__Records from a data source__
------------------------------------------------------------

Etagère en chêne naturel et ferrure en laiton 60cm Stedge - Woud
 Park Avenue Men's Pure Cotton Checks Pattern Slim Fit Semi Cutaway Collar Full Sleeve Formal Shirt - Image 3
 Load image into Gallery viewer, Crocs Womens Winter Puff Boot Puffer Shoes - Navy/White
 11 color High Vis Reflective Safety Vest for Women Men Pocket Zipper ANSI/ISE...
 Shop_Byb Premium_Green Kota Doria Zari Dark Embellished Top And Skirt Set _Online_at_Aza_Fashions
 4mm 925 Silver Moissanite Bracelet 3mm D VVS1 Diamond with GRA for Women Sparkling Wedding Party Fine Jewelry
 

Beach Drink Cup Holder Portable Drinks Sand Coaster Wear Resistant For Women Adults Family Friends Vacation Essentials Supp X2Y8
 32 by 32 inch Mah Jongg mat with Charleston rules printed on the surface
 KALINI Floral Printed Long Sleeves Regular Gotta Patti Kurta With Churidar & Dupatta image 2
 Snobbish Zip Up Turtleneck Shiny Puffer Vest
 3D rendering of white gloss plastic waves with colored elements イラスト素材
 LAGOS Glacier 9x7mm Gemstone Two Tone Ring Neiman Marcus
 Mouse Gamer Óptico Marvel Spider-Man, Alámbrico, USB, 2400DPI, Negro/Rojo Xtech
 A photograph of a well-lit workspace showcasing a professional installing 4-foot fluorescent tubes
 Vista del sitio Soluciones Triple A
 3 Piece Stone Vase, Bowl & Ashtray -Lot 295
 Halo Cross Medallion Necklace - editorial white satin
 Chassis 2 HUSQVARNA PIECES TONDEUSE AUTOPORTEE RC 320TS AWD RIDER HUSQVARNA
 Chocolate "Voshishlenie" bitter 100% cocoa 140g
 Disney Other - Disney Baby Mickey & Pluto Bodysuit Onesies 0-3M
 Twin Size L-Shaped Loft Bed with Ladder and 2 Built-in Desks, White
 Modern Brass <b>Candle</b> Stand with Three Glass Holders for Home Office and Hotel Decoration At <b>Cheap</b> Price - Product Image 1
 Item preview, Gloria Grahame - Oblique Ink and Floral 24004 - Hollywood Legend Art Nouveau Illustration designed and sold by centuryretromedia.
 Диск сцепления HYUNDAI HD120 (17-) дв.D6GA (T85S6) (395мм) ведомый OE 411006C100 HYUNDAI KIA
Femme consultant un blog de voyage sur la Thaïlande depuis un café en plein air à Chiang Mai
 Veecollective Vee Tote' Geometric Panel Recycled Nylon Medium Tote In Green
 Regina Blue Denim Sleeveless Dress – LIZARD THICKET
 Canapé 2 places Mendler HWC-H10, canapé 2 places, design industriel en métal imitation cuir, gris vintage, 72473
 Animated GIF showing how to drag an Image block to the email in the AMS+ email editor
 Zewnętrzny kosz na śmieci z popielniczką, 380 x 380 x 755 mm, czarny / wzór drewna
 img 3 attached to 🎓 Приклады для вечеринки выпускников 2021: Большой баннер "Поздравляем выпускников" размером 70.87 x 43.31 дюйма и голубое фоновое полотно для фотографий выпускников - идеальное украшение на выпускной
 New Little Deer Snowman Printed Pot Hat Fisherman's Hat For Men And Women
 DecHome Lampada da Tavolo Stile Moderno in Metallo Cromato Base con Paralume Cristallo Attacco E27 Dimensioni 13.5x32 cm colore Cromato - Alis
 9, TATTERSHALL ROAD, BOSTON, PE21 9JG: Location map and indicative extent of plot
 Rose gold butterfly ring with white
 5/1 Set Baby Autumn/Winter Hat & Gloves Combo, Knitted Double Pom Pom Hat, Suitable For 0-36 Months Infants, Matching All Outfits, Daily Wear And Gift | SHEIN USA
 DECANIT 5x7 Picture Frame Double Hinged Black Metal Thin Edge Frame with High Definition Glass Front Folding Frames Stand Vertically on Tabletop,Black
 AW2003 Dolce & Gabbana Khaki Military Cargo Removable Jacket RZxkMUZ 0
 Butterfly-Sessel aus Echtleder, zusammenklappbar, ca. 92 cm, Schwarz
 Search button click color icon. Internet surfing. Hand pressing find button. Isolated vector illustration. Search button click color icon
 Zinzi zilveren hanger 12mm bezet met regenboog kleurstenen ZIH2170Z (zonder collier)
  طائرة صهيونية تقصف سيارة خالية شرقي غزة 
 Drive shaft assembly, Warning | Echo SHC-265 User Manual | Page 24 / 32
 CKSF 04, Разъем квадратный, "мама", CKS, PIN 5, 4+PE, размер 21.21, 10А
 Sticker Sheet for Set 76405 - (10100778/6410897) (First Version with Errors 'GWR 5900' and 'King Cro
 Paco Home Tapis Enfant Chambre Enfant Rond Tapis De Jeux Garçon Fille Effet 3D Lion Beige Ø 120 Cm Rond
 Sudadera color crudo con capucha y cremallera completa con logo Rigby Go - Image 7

------------------------------------------------------------

__PROMPT__
Please output the exact lines of the records above, beginning with the first and stopping after the line that holds "Halo Cross Medallion", and nothing else.

__REPLY TO THE TASK__
Etagère en chêne naturel et ferrure en laiton 60cm Stedge - Woud
 Park Avenue Men's Pure Cotton Checks Pattern Slim Fit Semi Cutaway Collar Full Sleeve Formal Shirt - Image 3
 Load image into Gallery viewer, Crocs Womens Winter Puff Boot Puffer Shoes - Navy/White
 11 color High Vis Reflective Safety Vest for Women Men Pocket Zipper ANSI/ISE...
 Shop_Byb Premium_Green Kota Doria Zari Dark Embellished Top And Skirt Set _Online_at_Aza_Fashions
 4mm 925 Silver Moissanite Bracelet 3mm D VVS1 Diamond with GRA for Women Sparkling Wedding Party Fine Jewelry
 

Beach Drink Cup Holder Portable Drinks Sand Coaster Wear Resistant For Women Adults Family Friends Vacation Essentials Supp X2Y8
 32 by 32 inch Mah Jongg mat with Charleston rules printed on the surface
 KALINI Floral Printed Long Sleeves Regular Gotta Patti Kurta With Churidar & Dupatta image 2
 Snobbish Zip Up Turtleneck Shiny Puffer Vest
 3D rendering of white gloss plastic waves with colored elements イラスト素材
 LAGOS Glacier 9x7mm Gemstone Two Tone Ring Neiman Marcus
 Mouse Gamer Óptico Marvel Spider-Man, Alámbrico, USB, 2400DPI, Negro/Rojo Xtech
 A photograph of a well-lit workspace showcasing a professional installing 4-foot fluorescent tubes
 Vista del sitio Soluciones Triple A
 3 Piece Stone Vase, Bowl & Ashtray -Lot 295
 Halo Cross Medallion Necklace - editorial white satin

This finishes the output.